To get the country code of the vessel would require another JOIN on either the radio callsign (from the voyage report) or the first three numbers of the MMSI. Well, it’s the first three if it’s a vessel and get’s padded with 0’s if it’s a different kind of station… Let’s ignore those.
What the MID to Country table looks like in my DB
The date is also “easy”. There are several database functions to extract a date from just about any kind of time format. The one issue is that AIS data doesn’t come with a timestamp. It’s just not in the protocol. So it might be tucked away in the metadata you get from the dataprovider, or else you’ll have to stick in the reception time (which may not be the transmission time due to network delays or some other factor) and may or may not come with timezone information. Luckily the data I’m using has a reception time tagged onto it. Give or take a couple nano-seconds due to speed of light and the timestamp should be good enough.
The only thing worse than dealing with timezones in data is not having them
Speed is probably the most reliable data to group by here. It’s derived from the GPS data and has a known “NULL” value. You’d be pretty safe throwing away any speeds above 30 knots since that’s lightning fast for ships. You *could* run this query a bunch of times limiting to a speed of interest (say between 2 and 5 knots for trawling activity) but you could just as well use or use a histogram function from TimeScaleDB. Let’s just pretend we did.
Okay, then using a bunch of prebuilt and indexed tables (I can’t go through everything here) to make things easier looks like (don’t worry about the country code now, I see I forgot to stick it in. I’ll add that to the next one):
CREATE MATERIALIZED VIEW med_agg AS (
SELECT
St_AsText(hex_grid.geom) AS wkt,
hex_grid.geom,
voy.type_and_cargo_text,
date(pos.event_time),
count(*)
FROM ais.daily_pos_cagg as pos
JOIN geo.hex_grid
ON ST_Within(pos.position, hex_grid.geom)
JOIN ais.ship_details_agg as voy
ON pos.mmsi = voy.mmsi
WHERE pos.day BETWEEN '2020-01-01' AND '2020-02-01'
GROUP BY hex_grid.geom, date(pos.event_time), voy.type_and_cargo_text
)
Now you’re essentially running the same query a bunch of times on different slices of data but Postgres is a champ at planning and figuring out this kind of data. It took under 6 seconds for a single day of data and 1m20 for a month. Now I’m not running this on the full AIS dataset, that would be huge amounts of data. Instead I’m running it on a LOCF every 12 hours sample.
With this you can do things like:
SELECT
geom,
sum(count) as count
FROM med_agg
GROUP BY geom
Which, when displayed in QGIS, becomes:
Remarkably similar as the previous post’s aggregate…
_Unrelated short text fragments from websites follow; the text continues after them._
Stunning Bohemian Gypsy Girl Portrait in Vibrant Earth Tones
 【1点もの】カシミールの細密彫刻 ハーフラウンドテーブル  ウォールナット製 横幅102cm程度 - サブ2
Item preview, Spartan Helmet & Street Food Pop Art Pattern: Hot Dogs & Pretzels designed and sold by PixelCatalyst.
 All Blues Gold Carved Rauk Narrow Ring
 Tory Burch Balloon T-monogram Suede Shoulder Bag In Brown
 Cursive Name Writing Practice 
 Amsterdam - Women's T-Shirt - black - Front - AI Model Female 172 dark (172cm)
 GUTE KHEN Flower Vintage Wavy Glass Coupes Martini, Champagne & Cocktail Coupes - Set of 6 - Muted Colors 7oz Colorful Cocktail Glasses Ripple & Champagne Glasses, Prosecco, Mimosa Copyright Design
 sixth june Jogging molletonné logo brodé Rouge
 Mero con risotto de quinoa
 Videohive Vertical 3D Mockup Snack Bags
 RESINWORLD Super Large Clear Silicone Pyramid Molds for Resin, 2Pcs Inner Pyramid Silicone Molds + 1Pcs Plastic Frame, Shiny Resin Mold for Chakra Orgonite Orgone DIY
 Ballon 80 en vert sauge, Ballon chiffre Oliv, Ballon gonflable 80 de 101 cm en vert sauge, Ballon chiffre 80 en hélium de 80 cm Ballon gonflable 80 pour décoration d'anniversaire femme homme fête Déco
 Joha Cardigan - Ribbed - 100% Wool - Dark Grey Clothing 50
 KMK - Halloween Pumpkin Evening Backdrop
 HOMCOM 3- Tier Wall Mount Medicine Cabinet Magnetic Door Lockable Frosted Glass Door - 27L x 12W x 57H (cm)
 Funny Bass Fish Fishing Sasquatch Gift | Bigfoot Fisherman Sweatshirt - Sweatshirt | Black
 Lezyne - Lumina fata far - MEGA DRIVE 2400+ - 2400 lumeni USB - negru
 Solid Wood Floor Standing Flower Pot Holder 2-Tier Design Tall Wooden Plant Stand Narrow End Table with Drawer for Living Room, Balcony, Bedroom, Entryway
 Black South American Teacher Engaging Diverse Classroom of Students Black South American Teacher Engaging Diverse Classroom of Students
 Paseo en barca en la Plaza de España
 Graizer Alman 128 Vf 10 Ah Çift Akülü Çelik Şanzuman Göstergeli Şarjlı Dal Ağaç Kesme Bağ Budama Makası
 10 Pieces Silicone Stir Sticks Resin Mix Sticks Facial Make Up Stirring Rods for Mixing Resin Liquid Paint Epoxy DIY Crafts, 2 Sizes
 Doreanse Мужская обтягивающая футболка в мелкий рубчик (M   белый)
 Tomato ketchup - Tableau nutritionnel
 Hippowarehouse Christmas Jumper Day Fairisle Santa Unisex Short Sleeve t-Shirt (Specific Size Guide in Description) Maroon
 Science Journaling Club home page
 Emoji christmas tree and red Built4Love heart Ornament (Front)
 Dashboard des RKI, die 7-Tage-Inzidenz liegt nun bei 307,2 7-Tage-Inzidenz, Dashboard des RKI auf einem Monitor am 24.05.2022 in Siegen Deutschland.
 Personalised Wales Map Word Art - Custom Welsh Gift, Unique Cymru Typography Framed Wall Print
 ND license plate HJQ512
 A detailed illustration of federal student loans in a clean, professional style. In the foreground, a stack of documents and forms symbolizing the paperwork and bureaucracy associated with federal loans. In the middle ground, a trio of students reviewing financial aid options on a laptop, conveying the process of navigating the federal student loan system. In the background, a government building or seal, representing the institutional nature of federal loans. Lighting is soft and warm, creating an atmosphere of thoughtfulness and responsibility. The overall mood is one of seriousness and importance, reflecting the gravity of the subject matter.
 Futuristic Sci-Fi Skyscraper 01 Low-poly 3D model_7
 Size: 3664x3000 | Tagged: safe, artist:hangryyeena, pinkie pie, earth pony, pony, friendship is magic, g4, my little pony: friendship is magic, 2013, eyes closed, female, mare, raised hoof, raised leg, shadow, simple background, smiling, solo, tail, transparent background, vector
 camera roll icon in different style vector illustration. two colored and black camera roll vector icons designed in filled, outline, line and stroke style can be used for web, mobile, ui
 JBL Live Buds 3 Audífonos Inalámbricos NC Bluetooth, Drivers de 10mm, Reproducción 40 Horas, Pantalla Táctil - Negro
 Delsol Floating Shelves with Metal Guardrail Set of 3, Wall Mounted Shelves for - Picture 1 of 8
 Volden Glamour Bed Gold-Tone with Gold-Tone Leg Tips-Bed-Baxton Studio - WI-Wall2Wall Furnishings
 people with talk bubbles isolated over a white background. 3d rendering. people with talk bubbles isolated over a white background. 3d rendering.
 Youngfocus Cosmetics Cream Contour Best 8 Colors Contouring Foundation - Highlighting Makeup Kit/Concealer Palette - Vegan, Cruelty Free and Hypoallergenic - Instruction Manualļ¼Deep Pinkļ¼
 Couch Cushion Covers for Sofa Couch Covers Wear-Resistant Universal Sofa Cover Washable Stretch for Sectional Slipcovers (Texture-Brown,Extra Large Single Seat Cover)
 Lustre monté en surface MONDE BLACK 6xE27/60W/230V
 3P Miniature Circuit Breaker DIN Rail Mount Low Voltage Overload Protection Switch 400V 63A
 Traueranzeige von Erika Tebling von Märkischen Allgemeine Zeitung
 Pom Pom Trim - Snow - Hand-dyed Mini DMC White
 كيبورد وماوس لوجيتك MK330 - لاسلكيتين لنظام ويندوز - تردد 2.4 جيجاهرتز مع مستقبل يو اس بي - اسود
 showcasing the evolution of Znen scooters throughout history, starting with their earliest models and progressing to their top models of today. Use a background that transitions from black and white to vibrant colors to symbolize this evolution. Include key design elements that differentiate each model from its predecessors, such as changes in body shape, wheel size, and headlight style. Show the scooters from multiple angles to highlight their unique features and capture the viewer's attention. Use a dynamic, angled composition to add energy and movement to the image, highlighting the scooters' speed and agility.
But you could also do this:
SELECT
ST_AsText(geom) as wkt,
geom,
type_and_cargo_text,
date,
count
FROM med_agg
WHERE type_and_cargo_text = 'Fishing'
which with a bit of QGIS magic becomes:
There isn’t really enough data to make a “true” aggregation. This is more of a plot of single vessels (or vessel groups) moving around. Using the un-sampled AIS data, or using larger time spans would show some nicer heatmaps. But in general, you can tell that there is some movement between RSA and South America, as well as where some hotspots are.